At the same time, environment containers are standardizing. OpenEnv, developed by Meta and Hugging Face, has commercial vendors on its steering committee. Standard containers reduce friction in packaging and exchange. They also move differentiation into the reward channel inside the container.
Within two years, serious environment buyers will ask for calibration artifacts from vendors in the same routine way enterprise software buyers ask for security artifacts.
The analogy has a limitation. Security attestations can decay into checkbox compliance. Verifier datasheets will face the same pressure. Their advantage is that the best version is executable: content-hashed corpora, recomputable agreement tables, regression gates, and published verdict exports.

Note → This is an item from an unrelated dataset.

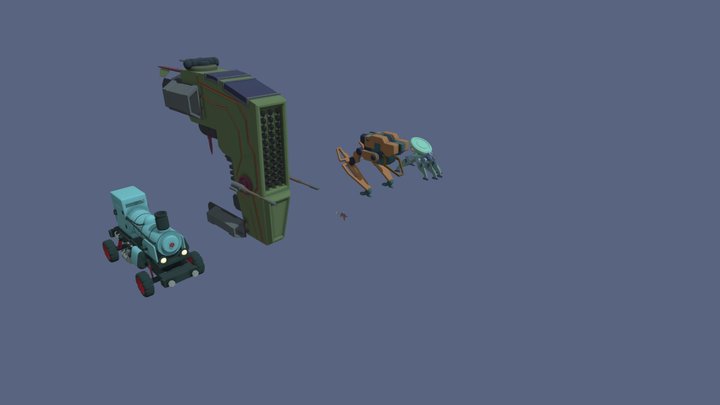 [HW XYZ School] Покраска 3D Model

The next test is to make the datasheet executable inside an environment. I have started that work with the Pisama Fix-Efficacy Rerun Environment: a real-trace environment that applies a proposed fix, re-executes the agent with a real model call, re-detects on the genuine new output, and scores a multi-component reward. When a faithful re-run is not possible, it abstains rather than simulating. The goal is modest: measure whether a remediation actually works on a reproducible real-data slice, and make the weak numbers visible before claiming that its rewards should be trusted.